Her answer was to teach her students at Citizens of the World Silver Lake Charter School in Los Angeles about consent. After some discussion, Kleinrock and her students created a poster that collected their ideas to create a definition of consent.

Infographic: All About Consent
Courtesy of Liz Kleinrock
Third-grade teacher Liz Kleinrock defined consent with her students.

Consent is often linked to sex, but it simply means giving permission. When taught to children, it can be applied to a variety of nonsexual situations—giving hugs, borrowing things, and sharing are scenarios Kleinrock’s students came up with.

Although sex is removed from the equation when teaching consent to elementary students, the end goal is to help prevent sexual harassment and assault by teaching students about personal boundaries, how to say no, and how to respect no—and in the unfortunate case that students do experience sexual abuse or harassment, how to ask for help.

One in four girls and one in 20 boys are sexually abused before the age of 18, and about 35 percent of sexual abuse victims are under 12 years old—elementary school age. And in a 2018 national survey, over 80 percent of women and 40 percent of men reported experiencing some form of sexual harassment or assault in their lifetime.
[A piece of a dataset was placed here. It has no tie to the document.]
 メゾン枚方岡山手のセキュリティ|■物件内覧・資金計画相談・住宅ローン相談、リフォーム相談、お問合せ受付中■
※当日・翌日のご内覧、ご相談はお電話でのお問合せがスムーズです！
But teaching consent is not just about decreasing the prevalence of sexual violence and harassment, according to Jett Bachman, a K–5 sexuality educator for Day One, a nonprofit focused on ending dating abuse and domestic violence among youth. “It’s also a proactive way of providing young people with the tools they need to have healthy relationships with themselves and other people throughout their lives,” Bachman said.

The Landscape of Consent Education

Teaching consent is a recent development. Ten states and Washington, DC, recommend including consent education as part of sex education; only Oregon and California suggest that consent education start in kindergarten.
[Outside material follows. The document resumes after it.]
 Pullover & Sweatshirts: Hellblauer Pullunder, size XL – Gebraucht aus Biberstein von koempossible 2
The guidance on consent education looks different from state to state. The Oregon Department of Education outlines what to teach: defining consent, describing how relationship power imbalances could impact personal boundaries, and being able to say—and respect hearing—no. California provides sample activities on how to teach consent. But what teachers and schools are missing is explicit instruction on how to teach it.
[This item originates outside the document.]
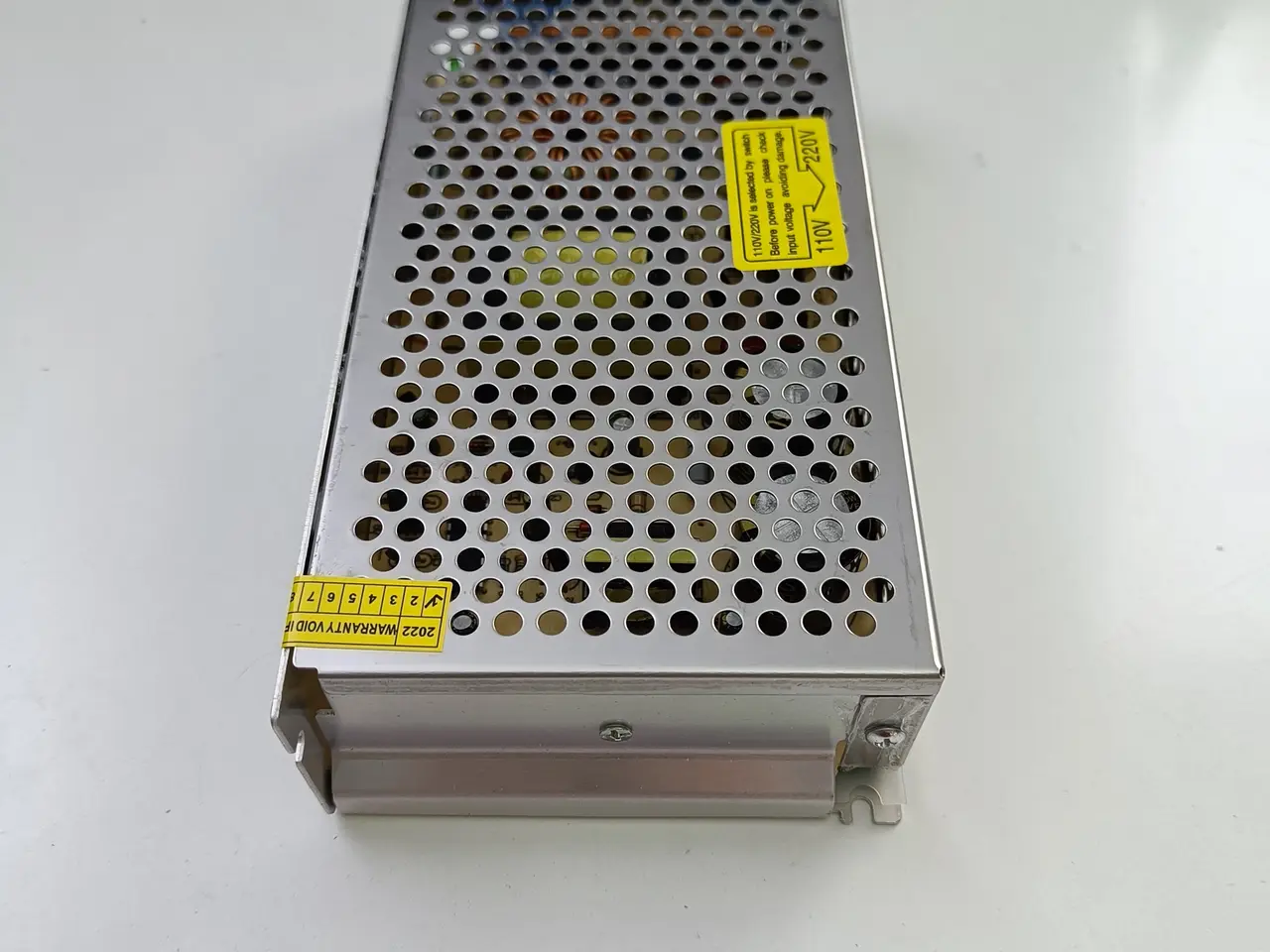 Billede 3 - NY! 12V 16.5A 200W Modulær Strømforsyning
And not everyone agrees that it’s an educator’s job to teach consent. “It remains the job of the parents to discuss intimacy et al., with their children. Strangers are NOT equipped to speak for me,” parent Anne Fernandes wrote on Facebook in response to an Edutopia article about creating a culture of consent in the classroom.

What Schools Are Doing

Kleinrock’s lessons with her third graders involved anchor charts and journal prompts like, “What does it mean to give consent?” and “Why is consent important?” Her 8- and 9-year-old students wrote things like, “Asking for consent is important because if you didn’t thay midof not wanted to get tuchd.”

To give her kids practice saying yes and no in different situations, Kleinrock had them create comics showing what consent is and isn’t. Most students drew kids asking for a hug.

A Pennsylvania preschool teacher and co-founder of the nonprofit Your Empowered Sexuality (YES!), Isy Abraham-Raveson also uses art to prompt discussion in her classroom. Her students draw examples of when their boundaries have been crossed and present their drawings to the class. She also plays Red, Green, Yellow with students to reinforce the idea of boundaries: After Abraham-Raveson reads out a scenario, students move to a green area of the room if they believe boundaries are being respected, red if they think boundaries have been crossed, and yellow if they’re unsure. When a student moves from one color to another, Abraham-Raveson asks them to explain why.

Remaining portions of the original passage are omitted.